* YOUR GOAL
Retype word for word the stretch of entries below from the line that has "Building Photo - 638 Westwood Dr" through the line that has "Продам Консоль, Підлокотник", and omit the pictures.
========
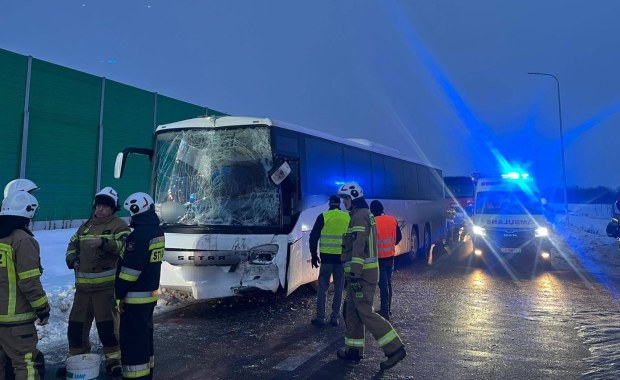 Zderzenie dwóch autobusów w Mazowieckiem. Wiele osób rannych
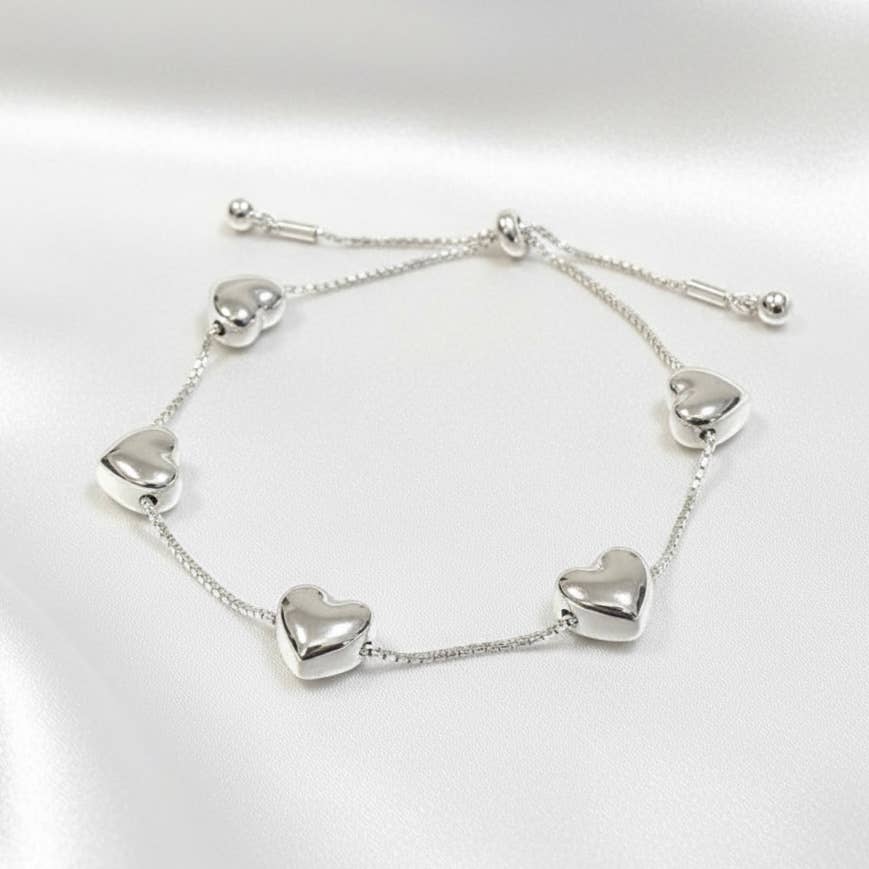 Puffy Heart Tie Bracelet
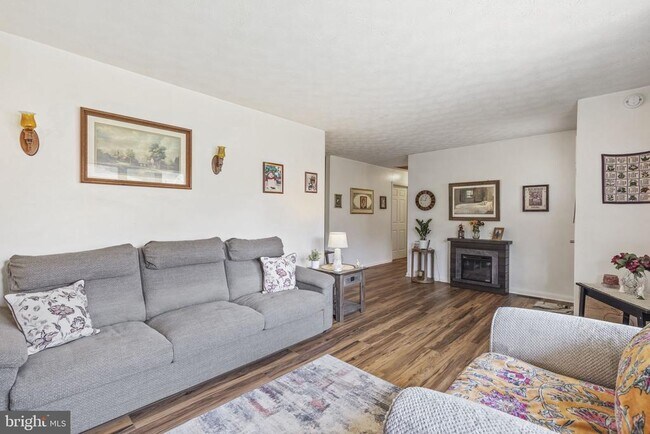 Building Photo - 638 Westwood Dr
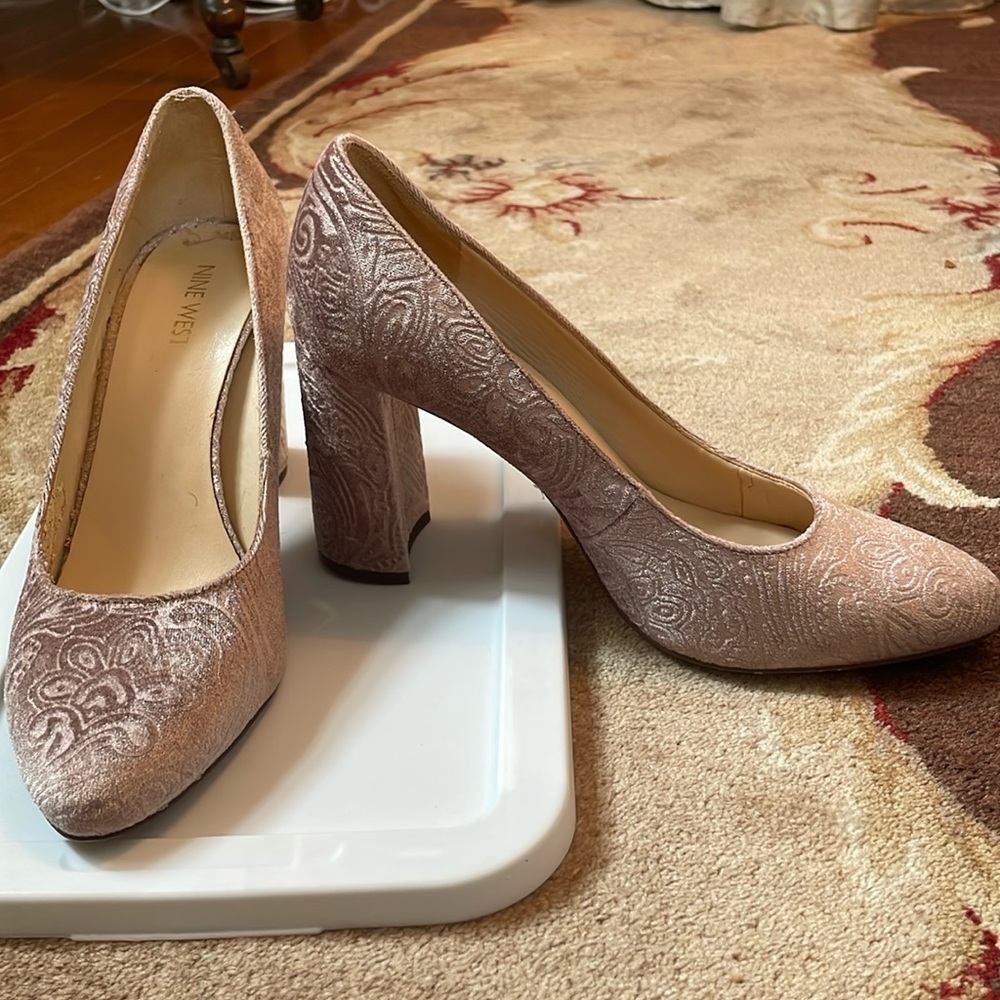 Nine West pink crushed velvet pumps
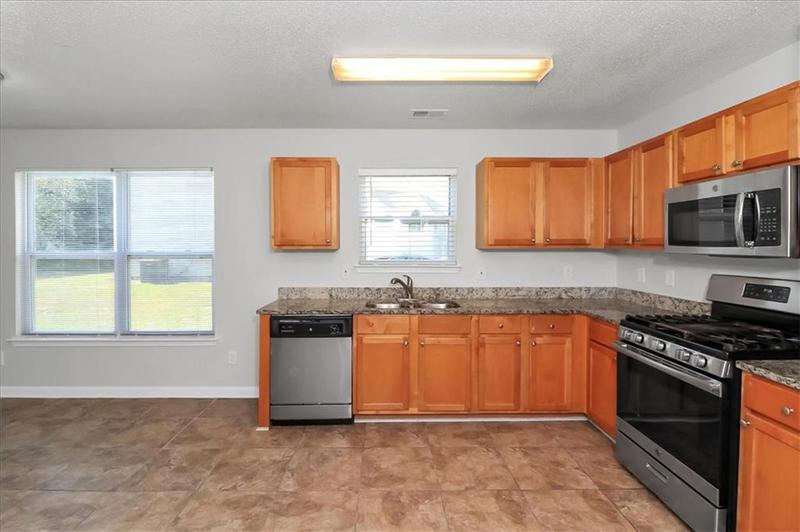Image for property 5908 Bluegrass View, Fairburn, GA 30213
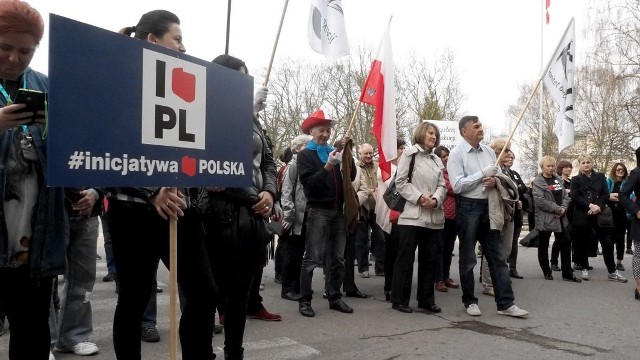 W Koszalinie do strajku przyłączyło się 28 spośród 50 placówek (w tym niektóre przedszkola). O godz. 15.30 przed dawnym urzędem wojewódzkim przy ul. Andersa w Koszalinie rozpoczęła się pikieta, w której mogli wziąć udział wszyscy, którzy solidaryzują się z nauczycielami. 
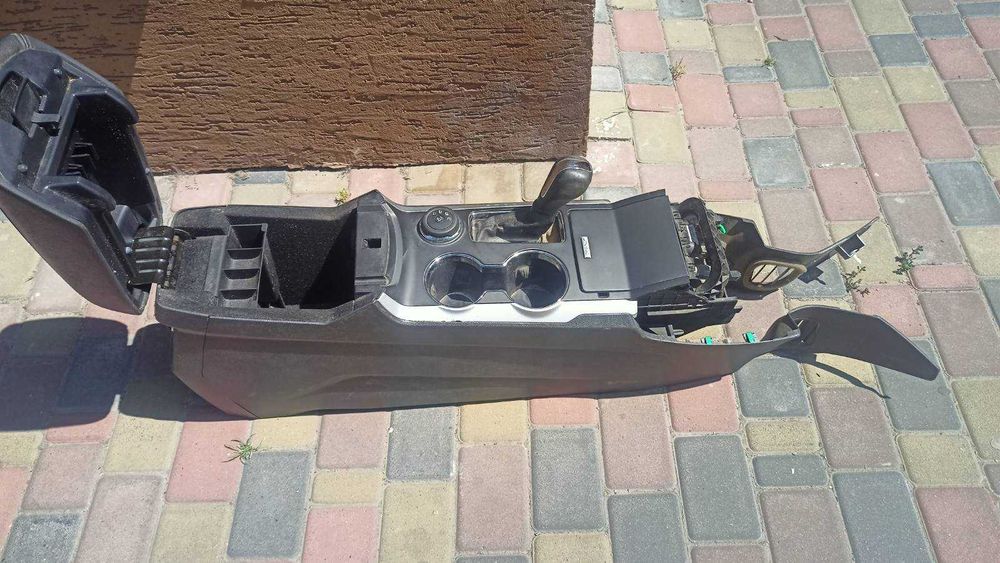 Продам Консоль, Підлокотник Ford Explorer 5 Ford Explorer 6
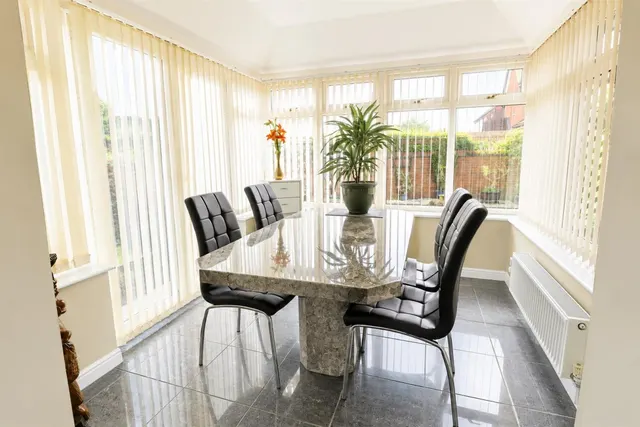 Berkeley Close, Hucclecote, GL3, photo 3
========
* OUTPUT
 Building Photo - 638 Westwood Dr
 Nine West pink crushed velvet pumps
Image for property 5908 Bluegrass View, Fairburn, GA 30213
 W Koszalinie do strajku przyłączyło się 28 spośród 50 placówek (w tym niektóre przedszkola). O godz. 15.30 przed dawnym urzędem wojewódzkim przy ul. Andersa w Koszalinie rozpoczęła się pikieta, w której mogli wziąć udział wszyscy, którzy solidaryzują się z nauczycielami. 
 Продам Консоль, Підлокотник Ford Explorer 5 Ford Explorer 6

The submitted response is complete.